DATA LISTING —
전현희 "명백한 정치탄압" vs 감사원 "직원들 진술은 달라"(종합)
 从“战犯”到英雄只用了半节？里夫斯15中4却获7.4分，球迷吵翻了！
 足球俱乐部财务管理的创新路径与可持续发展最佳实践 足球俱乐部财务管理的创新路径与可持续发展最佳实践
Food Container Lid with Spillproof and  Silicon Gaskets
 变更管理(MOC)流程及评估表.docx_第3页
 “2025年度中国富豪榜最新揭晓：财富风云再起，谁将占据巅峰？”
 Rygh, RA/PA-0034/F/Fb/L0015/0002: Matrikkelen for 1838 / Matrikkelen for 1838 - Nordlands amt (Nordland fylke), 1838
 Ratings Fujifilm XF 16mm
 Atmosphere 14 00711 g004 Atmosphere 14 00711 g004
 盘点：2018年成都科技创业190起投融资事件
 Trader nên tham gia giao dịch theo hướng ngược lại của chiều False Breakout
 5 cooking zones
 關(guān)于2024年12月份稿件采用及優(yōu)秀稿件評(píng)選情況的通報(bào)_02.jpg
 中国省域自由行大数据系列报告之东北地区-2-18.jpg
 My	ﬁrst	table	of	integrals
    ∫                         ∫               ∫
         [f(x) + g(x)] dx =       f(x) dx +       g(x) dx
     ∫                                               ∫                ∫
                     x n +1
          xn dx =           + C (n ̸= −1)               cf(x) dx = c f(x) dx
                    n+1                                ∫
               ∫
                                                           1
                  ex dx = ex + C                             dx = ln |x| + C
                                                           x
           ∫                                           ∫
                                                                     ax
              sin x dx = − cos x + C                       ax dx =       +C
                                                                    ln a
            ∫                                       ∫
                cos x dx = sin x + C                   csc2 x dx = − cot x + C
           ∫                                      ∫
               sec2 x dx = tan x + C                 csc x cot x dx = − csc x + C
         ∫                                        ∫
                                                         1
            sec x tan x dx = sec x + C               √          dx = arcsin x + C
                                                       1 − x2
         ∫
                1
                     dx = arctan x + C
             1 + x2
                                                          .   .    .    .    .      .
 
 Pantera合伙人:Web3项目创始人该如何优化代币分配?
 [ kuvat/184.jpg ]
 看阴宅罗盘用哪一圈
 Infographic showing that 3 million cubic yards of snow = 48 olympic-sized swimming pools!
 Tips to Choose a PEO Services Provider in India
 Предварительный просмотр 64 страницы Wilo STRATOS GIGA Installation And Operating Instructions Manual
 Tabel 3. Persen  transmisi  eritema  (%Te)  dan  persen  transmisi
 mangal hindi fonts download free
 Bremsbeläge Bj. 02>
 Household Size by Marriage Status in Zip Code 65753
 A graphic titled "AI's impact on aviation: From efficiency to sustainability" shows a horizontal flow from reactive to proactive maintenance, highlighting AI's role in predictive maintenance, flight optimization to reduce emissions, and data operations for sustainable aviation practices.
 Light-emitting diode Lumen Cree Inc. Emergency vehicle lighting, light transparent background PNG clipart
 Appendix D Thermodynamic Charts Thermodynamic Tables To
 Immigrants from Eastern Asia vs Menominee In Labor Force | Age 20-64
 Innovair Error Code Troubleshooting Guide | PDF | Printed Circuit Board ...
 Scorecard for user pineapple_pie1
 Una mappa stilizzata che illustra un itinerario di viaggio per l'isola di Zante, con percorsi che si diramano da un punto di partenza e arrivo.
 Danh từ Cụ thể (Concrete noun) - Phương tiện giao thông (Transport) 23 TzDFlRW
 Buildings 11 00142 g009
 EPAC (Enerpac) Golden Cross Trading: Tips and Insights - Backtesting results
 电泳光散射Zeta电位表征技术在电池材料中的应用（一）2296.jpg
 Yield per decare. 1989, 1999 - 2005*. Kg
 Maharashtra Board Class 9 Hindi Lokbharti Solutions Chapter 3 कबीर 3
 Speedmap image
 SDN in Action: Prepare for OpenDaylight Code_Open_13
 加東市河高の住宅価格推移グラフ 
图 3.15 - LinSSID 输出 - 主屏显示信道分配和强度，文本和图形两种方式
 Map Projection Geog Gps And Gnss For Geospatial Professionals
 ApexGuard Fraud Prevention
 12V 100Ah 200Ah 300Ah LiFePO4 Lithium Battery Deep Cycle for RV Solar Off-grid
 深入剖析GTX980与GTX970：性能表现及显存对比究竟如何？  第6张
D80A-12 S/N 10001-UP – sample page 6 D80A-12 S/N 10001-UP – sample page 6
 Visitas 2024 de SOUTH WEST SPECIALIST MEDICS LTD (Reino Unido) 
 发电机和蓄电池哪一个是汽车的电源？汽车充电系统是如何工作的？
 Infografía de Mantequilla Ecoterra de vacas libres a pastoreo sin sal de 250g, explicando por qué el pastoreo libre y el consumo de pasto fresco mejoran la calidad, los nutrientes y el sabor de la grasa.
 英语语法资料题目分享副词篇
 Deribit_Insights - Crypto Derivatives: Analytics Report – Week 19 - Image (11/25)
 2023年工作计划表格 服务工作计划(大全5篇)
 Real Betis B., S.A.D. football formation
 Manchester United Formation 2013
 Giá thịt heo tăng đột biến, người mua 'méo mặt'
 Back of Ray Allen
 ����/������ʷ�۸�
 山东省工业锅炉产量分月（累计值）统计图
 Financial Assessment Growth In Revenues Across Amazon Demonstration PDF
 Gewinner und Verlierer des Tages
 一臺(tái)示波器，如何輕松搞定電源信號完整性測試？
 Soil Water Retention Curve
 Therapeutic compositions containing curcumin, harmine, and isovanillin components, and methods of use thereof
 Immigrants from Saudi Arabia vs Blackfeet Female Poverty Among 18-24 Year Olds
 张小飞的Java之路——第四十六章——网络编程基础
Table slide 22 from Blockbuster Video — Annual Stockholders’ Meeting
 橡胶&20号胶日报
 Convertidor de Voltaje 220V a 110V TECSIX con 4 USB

WORK INSTRUCTION — Exactly the lines from the one containing "英语语法资料题目分享副词篇" through the end of the listing above, inclusive, are to be written out, and no others.

RESPONSE —
 英语语法资料题目分享副词篇
 Deribit_Insights - Crypto Derivatives: Analytics Report – Week 19 - Image (11/25)
 2023年工作计划表格 服务工作计划(大全5篇)
 Real Betis B., S.A.D. football formation
 Manchester United Formation 2013
 Giá thịt heo tăng đột biến, người mua 'méo mặt'
 Back of Ray Allen
 ����/������ʷ�۸�
 山东省工业锅炉产量分月（累计值）统计图
 Financial Assessment Growth In Revenues Across Amazon Demonstration PDF
 Gewinner und Verlierer des Tages
 一臺(tái)示波器，如何輕松搞定電源信號完整性測試？
 Soil Water Retention Curve
 Therapeutic compositions containing curcumin, harmine, and isovanillin components, and methods of use thereof
 Immigrants from Saudi Arabia vs Blackfeet Female Poverty Among 18-24 Year Olds
 张小飞的Java之路——第四十六章——网络编程基础
Table slide 22 from Blockbuster Video — Annual Stockholders’ Meeting
 橡胶&20号胶日报
 Convertidor de Voltaje 220V a 110V TECSIX con 4 USB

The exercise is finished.